Thursday, June 21, 2012

Toni Merkens: June 21, 1912 - June 20, 1944

Living as I do in the Rhineland, I have come to learn something of the history of cycling in the region.  Cologne has a long and impressive tradition as the home of a number of famous figures in the racing world.  Today, June 21, marks the centenary of the birth of one of them, Anton "Toni" Merkens.

Born in the Eigelstein quarter of Cologne, Toni grew up with three brothers and a sister at No. 20 Im Stavenhof, a small, narrow street.  He became an apprentice of the noted bike mechanics Fritz Köthke and Wilhelm Hennerici, who quickly noticed not only the young man's mechanical skill but his racing talent as well.  They loaned him a track bike they had constructed, sponsored by the Gold Rad bike company.  What is probably a later bike from the same sponsor was on display at the Rennradbörse in Rommerskirchen-Nettersheim this past Sunday.

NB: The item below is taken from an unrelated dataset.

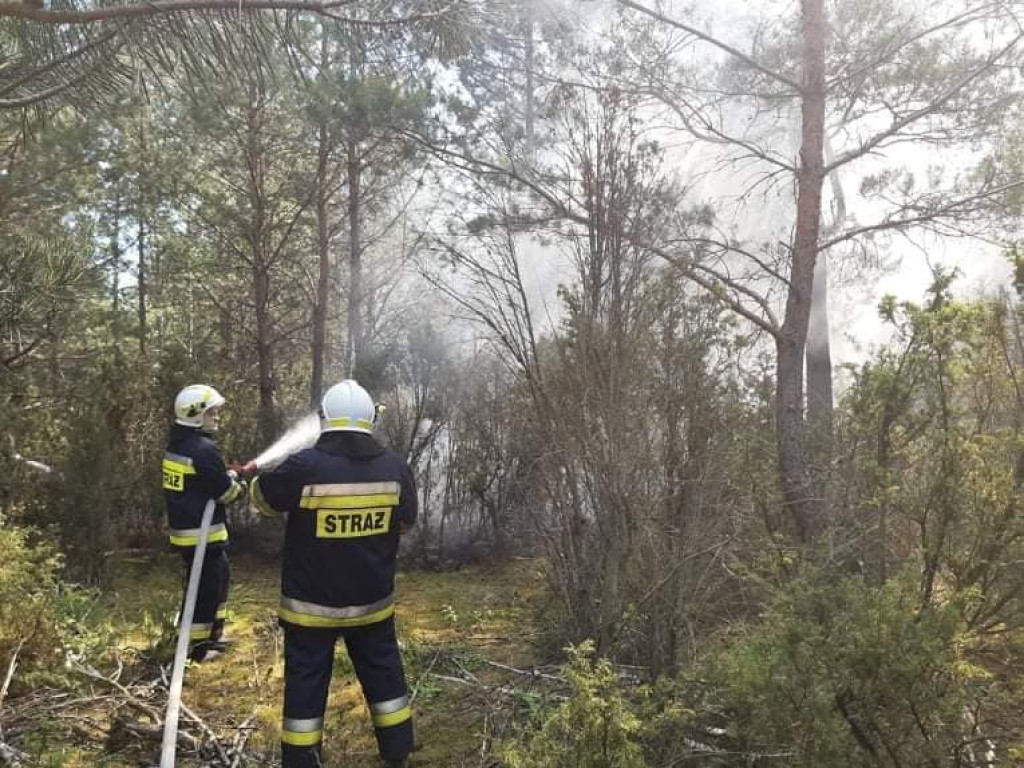 Płoną lasy. W powiecie płockim pożar gasiło 7 straży pożarnych [ZDJĘCIA]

 Merkens took part in various races in the Rheinlandhalle track in Köln-Ehrenfeld, without much success.  In 1928 he suffered injury from a bad crash and withdrew from racing.  He made a triumphant return in 1931, scoring a victory in the Rheinlandhalle with his partner Hans Krewer (who was to die of appendicitis two years later at the age of 20) in the two-man team event.

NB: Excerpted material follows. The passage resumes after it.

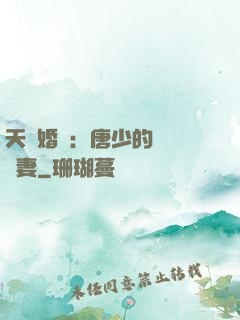 天價婚愛：唐少的終極寵妻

From 1932 on he made his reputation as a fearsome sprinter and after winning the "New Year's Prize" race, he went on to defeat the reigning World Champion, Dane Helge Harder, as well as the Cologne favourite son Albert Richter, who was to become World Champion later that same year.  Merkens was noticed by German national team trainers and he began his strong of remarkable wins, taking the German national amateur title for sprinters from 1933 to 1935, as well as winning the national title on a tandem with another Cologne rider.  In 1934 he won the international championship of England, as well as a number of other races in that country, riding a Hetchins bicycle.  He won that year's Grand Prix de Paris, but was defeated unexpectedly a few weeks later by Dutchman Ariet van Vliet at the Worlds in Leipzig.
Merkens on a Hetchins "Curly-stay" track bicycle

Van Vliet was to become Merkens' chief rival and in 1935 in Brussels the German succeeded against his opponent, winning the Rainbow Jersey of the World Champion.  He was also to defeat van Vliet in 1936 for the Olympic gold medal in Berlin, although the Hollander claimed an interference foul after the first heat.  The protest was disallowed by judges although Merkens was fined 100 Swiss Francs for failing to hold his line but Merkens went on to win the second heat and the medal.  There is a nice photo of Merkens standing in a white suit, the attire of the German team, on the podium and another, not so nice, showing him in a swastika-adorned jersey giving the Hitler salute with a group of officials and fans.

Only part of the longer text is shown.